Chapter 2 - Data Flashcards
Why is the type of data important to data mining?
The type of data determines which tools and techniques can be used to analyze it.
Why is data quality important?
Improving data quality typically improves the quality of the resulting analysis.
What is a data set?
A collection of data objects
What is a data object?
record, point, vector, pattern, event, case, sample, observation, or entity
What are attributes?
A property or characteristic of an object that may vary from one object to another
What is a **measurement scale **when referring to data mining?
A rule (function) that associates a numerical or symbolic value with an attribute of an object.
Describe the process of measurement when referring to data mining.
Using a measurement scale to associate a value with a particular attribute of a specific object.
What are the 4 properties (operations) of numbers that are typically used to describe attributes?
- Distinctness = and != 2. Order , and => 3. Addition + and - 4. Multiplication x and /
What are the 4 types of attributes?
- Nominal 2. Ordinal 3. Interval 4. Ratio
What is a nominal type of attribute?
The values of a nominal attribute are just different names that provide only enough information to distinguish one object from another.
What is an ordinal type of attribute?
The values of an ordinal attribute provide enough information to order objects.
What is an interval type of attribute?
The differences between values of an interval attribute are meaningful (a unit of measurement exists).
What is a ratio type of attribute?
The ratio and differences are both meaningful in a ratio attribute.
What type of attribute is the following: zip codes
Nominal
What type of attribute is the following: employee ID numbers
Nominal
What type of attribute is the following: eye colour
Nominal
What type of attribute is the following: gender
Nominal
What type of attribute is the following: hardness of minerals {good, better, best}
Ordinal
What type of attribute is the following: grades
Ordinal
What type of attribute is the following: street numbers
Ordinal
What type of attribute is the following: calendar dates
Interval
What type of attribute is the following: temperature in Celsius or Fahrenheit
Interval
What type of attribute is the following: monetary quantities
Ratio
What type of attribute is the following: counts
Ratio
What type of attribute is the following: age
Ratio
What type of attribute is the following: mass
Ratio
What type of attribute is the following: length
Ratio
What type of attribute is the following: electric current
Ratio
What two types of attributes are categorical / qualitative?
Nominal and ordinal
What are qualitative attributes?
They lack most of the properties of number (even if they are represented as numbers) and should be treated more like symbols. Also known as categorical attributes.
What are categorical attributes?
They lack most of the properties of number (even if they are represented as numbers) and should be treated more like symbols. Also known as qualitative attributes.

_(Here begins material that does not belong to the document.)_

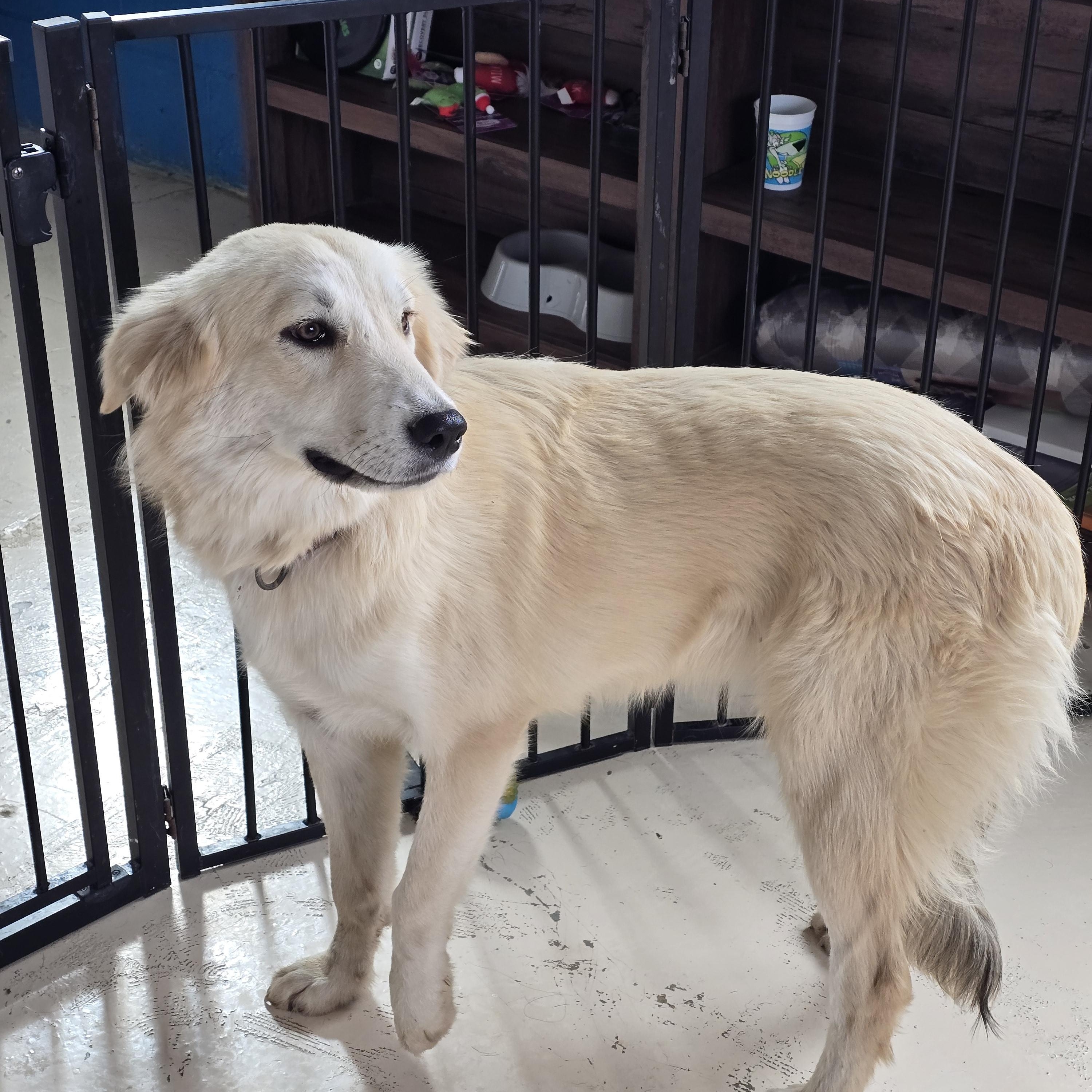 Enlarge Bea, a ADOPTABLE mixed breed in Dandridge, TN image 2/2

What are the two types of quantitative attributes?
Interval and ratio
What are quantitative attributes?
They are represented by numbers and have most of the properties of numbers. Also known as numeric attributes.
What are numeric attributes?
They are represented by numbers and have most of the properties of numbers. Also known as quantitative attributes.
What are permissible transformations?
The meaning of a length of an attribute is unchanged if a different measurement scale is used. For example, using the metric or the imperial system does not change the length.
Given the following transformation, what type of attribute could be used? If all employee ID numbers are reassigned, it would not make a difference
Nominal
Given the following transformation, what type of attribute could be used? An attribute encompassing the notion of good, better, best, can represented equally well by the values 1,2,3
Ordinal
Given the following transformation, what type of attribute could be used? The Fahrenheit and Celsius temperature scales differ in their zero value and the size of a degree (unit).
Interval
Given the following transformation, what type of attribute could be used? Length can be measured in meters or feet
Ratio
What is a coefficient?
A number or symbol multiplied with a variable or an unknown quantity in an algebraic term. For example, 4 is the coefficient in the term 4x, and x is the coefficient in x(a + b).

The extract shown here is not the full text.